Die Union will in den Koalitionsverhandlungen offenbar eine Rückkehr zur Atomkraft durchsetzen. Dies geht aus dem Ergebnispapier der Arbeitsgruppe „Klima und Energie“ hervor, das am Dienstagabend öffentlich wurde. Jedoch ist der entsprechende Abschnitt in Klammern gesetzt. Zwischen den Verhandlern besteht in dem Punkt also Uneinigkeit. Konkret heißt es in dem Papier, dass man prüfen wolle, ob „angesichts des jeweiligen Rückbaustadiums eine Wiederaufnahme des Betriebs der zuletzt abgeschalteten Kernkraftwerke unter vertretbarem technischem und finanziellem Aufwand noch möglich ist“.

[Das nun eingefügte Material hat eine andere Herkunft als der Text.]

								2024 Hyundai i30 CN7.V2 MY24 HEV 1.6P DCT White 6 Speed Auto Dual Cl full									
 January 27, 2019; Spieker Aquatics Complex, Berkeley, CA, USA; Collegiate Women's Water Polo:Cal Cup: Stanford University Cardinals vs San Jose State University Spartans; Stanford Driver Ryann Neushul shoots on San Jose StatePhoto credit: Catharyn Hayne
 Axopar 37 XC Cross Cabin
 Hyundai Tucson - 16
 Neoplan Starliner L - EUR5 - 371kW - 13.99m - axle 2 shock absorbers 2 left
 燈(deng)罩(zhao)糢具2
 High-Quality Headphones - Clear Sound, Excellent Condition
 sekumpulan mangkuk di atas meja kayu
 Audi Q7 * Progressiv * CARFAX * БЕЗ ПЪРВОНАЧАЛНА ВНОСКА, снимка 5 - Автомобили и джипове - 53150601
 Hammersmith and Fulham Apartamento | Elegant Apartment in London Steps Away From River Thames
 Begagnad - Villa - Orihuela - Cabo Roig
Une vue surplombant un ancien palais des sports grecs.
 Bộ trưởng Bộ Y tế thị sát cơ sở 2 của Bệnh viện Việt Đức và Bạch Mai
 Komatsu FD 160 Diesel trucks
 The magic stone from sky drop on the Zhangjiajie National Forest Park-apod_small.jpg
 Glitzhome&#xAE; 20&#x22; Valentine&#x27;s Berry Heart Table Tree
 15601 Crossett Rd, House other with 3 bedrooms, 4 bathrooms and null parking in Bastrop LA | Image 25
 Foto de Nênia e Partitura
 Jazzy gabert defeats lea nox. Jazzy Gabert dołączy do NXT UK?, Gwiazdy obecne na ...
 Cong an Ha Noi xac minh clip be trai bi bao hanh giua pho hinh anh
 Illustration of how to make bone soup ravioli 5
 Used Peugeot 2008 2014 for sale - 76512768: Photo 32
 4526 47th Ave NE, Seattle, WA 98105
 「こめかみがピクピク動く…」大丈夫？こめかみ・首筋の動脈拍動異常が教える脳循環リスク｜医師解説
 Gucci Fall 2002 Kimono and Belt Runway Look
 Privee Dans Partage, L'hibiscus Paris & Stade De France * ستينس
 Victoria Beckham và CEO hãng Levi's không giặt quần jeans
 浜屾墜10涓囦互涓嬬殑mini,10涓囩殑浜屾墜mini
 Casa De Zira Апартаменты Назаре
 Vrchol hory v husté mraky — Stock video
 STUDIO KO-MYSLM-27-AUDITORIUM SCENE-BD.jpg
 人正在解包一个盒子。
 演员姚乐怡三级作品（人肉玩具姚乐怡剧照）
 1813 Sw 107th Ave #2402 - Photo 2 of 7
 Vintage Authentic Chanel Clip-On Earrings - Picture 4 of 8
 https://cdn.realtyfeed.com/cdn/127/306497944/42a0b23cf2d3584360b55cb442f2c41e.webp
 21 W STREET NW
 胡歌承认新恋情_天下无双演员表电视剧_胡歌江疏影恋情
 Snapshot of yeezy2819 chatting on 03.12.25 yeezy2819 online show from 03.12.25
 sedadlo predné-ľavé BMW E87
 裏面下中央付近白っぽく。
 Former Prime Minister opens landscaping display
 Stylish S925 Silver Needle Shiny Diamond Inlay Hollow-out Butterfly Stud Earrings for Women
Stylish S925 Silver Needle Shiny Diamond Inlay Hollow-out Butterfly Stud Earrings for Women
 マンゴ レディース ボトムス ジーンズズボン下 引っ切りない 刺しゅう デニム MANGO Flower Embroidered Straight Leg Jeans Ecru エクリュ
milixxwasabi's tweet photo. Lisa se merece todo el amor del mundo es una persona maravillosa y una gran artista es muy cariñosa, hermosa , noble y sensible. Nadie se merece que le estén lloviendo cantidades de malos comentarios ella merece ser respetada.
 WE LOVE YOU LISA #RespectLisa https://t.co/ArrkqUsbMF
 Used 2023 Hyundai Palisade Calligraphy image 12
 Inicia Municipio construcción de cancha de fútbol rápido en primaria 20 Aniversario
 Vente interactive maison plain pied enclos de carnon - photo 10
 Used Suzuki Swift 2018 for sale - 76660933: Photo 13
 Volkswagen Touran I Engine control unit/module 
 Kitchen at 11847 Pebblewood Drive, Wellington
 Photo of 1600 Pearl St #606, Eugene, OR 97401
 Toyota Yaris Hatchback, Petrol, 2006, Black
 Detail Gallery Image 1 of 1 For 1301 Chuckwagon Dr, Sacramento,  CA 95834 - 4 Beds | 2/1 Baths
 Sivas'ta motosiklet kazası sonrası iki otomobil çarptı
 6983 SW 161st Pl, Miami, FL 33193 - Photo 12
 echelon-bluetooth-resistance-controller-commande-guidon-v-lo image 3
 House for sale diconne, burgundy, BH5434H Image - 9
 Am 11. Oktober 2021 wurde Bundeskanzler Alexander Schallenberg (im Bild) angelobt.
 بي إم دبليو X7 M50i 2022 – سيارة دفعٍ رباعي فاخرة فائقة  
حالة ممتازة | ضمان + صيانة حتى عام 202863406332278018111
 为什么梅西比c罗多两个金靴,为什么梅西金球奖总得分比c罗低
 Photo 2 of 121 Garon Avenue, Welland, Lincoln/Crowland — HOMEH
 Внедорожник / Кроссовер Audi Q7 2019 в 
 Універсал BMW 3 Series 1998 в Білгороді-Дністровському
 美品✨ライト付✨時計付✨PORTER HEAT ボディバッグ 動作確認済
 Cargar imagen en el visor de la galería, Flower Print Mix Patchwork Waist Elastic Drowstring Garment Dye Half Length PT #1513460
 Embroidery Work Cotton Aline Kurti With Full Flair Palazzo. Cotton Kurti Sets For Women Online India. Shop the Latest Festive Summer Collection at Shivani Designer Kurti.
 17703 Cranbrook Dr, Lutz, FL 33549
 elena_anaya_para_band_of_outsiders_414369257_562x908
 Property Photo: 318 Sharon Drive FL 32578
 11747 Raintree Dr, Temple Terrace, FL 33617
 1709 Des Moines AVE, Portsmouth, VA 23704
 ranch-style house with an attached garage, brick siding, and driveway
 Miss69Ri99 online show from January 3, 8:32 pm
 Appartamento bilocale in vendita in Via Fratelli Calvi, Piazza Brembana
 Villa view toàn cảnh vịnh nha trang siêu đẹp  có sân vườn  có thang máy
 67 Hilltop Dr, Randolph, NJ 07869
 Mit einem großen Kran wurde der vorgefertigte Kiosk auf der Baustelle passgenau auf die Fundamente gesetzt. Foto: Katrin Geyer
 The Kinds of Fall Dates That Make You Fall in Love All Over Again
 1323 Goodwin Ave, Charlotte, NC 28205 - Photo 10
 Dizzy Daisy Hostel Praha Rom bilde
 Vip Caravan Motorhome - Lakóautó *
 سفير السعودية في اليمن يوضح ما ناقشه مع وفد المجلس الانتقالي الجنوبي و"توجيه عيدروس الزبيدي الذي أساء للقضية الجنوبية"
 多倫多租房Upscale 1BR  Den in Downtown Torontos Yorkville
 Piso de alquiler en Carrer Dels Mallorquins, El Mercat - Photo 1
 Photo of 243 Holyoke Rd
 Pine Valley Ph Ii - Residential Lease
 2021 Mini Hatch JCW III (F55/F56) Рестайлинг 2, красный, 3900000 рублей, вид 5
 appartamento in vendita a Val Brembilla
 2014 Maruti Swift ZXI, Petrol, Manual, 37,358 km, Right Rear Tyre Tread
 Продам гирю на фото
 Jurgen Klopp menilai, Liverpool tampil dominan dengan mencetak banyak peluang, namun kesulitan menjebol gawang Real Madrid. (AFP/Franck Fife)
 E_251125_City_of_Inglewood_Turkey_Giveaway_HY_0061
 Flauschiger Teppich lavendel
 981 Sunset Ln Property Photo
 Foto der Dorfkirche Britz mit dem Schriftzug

Druck erfahren Friedrich Merz sowie CSU-Chef Markus Söder dabei auch aus der Belegschaft des abgeschalteten und sich im Abbau befindlichen Atomkraftwerks Isar 2. Isar 2 war einer der leistungsstärksten Kernreaktoren Deutschlands und erreichte mehrfach internationale Produktionsrekorde. Wegen des raschen Rückbaus des Atomkraftwerks wandten sich auch Teile der Belegschaft kürzlich mit einem Schreiben an Ministerpräsident Markus Söder, wie der Cicero berichtet.
In ihrem Appell, der dem Cicero vorliegt, fordern Mitarbeiter: „Bitte setzen Sie auf Landesebene im Eilverfahren die 1. SAG [Stilllegungs- und Abbaugenehmigung] für Isar 2 temporär aus, Handlungsmöglichkeiten hierfür gibt es hinreichend genug.“ Zudem sei man bereit zur Wiederaufnahme des Betriebs: „Auch wenn unser Konzern nach außen hin einen Weiterbetrieb derzeit nicht unterstützt, so sind die Mitarbeiter vor Ort hochmotiviert, diese Anlage unter Einhaltung aller Regelwerke so schnell wie möglich wieder ans Netz zu bringen.“
Das Schreiben endet mit der Forderung: „Stoppen Sie sofort die Rückbautätigkeiten in Isar 2 durch Ihr bayerisches Staatsministerium für Umwelt und Verbraucherschutz! Setzen Sie in den folgenden Koalitionsverhandlungen den Wiedereinstieg in die Kernenergie durch.“ Und weiter: „Erst hierdurch ist ein wirklicher Politikwechsel spürbar und der notwendige Impuls für die Wirtschaft für alle weithin sichtbar.“
Ob die Atomkraft in Deutschland tatsächlich ein Comeback feiern wird, wird ganz wesentlich von Markus Söder und Friedrich Merz abhängen. Noch im August 2022 besuchten beide das Atomkraftwerk in der Nähe von Landshut und plädierten für die Abkehr vom unter der Ampel endgültig vollzogenen Atomausstieg. Ob Söder und Merz an ihren Versprechen tatsächlich festhalten, ist angesichts der bisherigen Verhandlungsergebnisse aber zumindest fraglich.